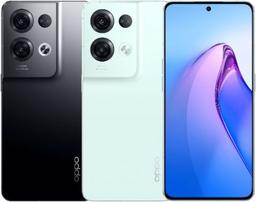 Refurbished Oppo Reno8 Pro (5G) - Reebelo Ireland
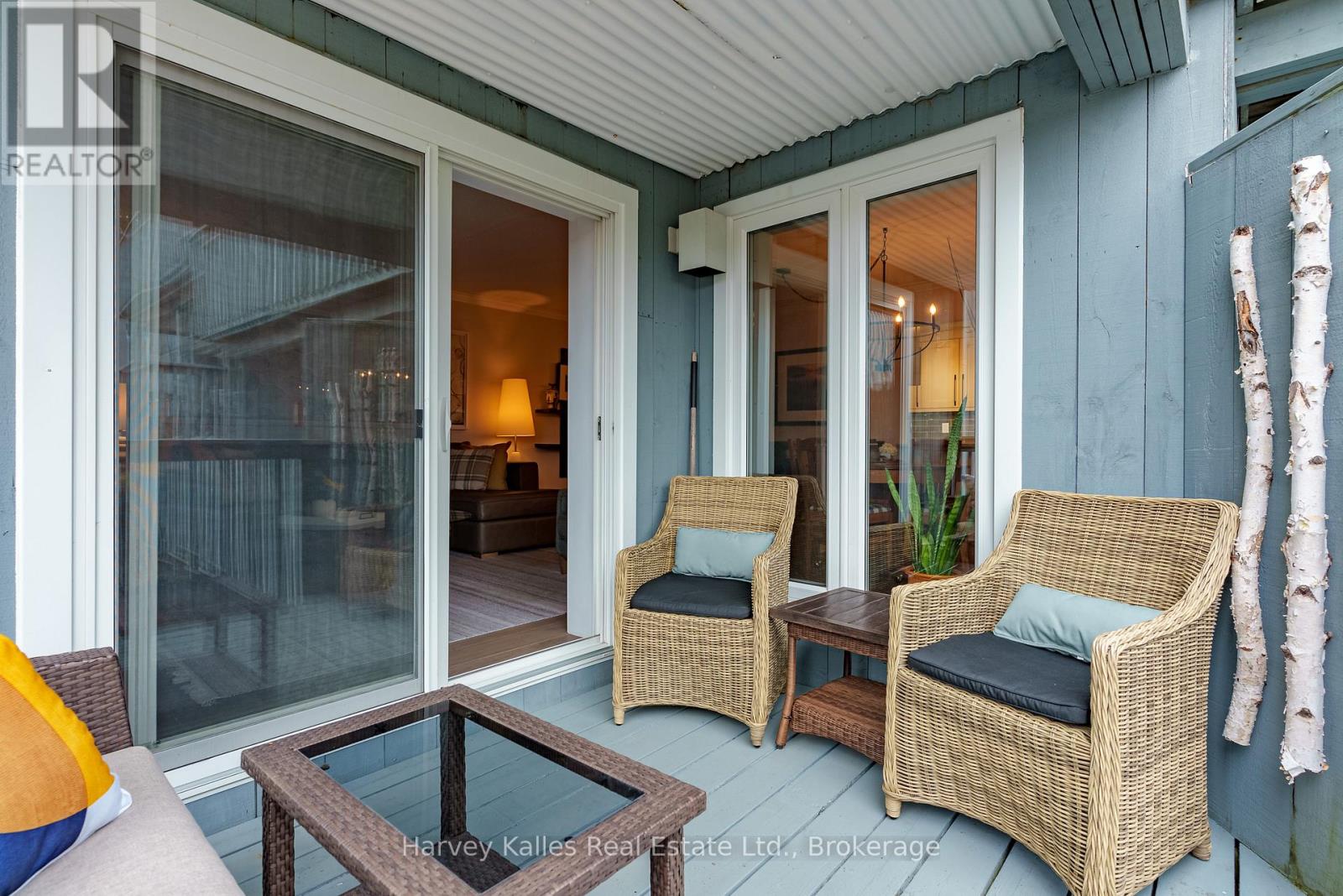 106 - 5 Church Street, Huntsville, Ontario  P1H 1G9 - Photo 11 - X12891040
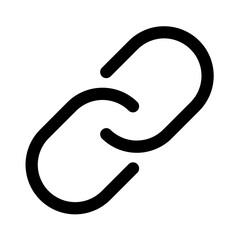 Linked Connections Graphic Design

==

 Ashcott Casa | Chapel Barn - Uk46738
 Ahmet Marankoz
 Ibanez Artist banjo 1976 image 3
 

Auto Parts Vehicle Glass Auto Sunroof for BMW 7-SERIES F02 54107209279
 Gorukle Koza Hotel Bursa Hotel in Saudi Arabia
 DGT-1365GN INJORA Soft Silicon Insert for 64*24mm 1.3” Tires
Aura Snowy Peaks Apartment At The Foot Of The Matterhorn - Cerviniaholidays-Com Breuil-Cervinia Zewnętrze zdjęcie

* * *

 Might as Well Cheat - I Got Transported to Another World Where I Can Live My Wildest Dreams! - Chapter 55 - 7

* **Problem**
Your answer must be the lines above from the one containing "DGT-1365GN INJORA Soft" to the one containing "Aura Snowy Peaks", both included, restated word for word.

* **Your solution**
 DGT-1365GN INJORA Soft Silicon Insert for 64*24mm 1.3” Tires
Aura Snowy Peaks Apartment At The Foot Of The Matterhorn - Cerviniaholidays-Com Breuil-Cervinia Zewnętrze zdjęcie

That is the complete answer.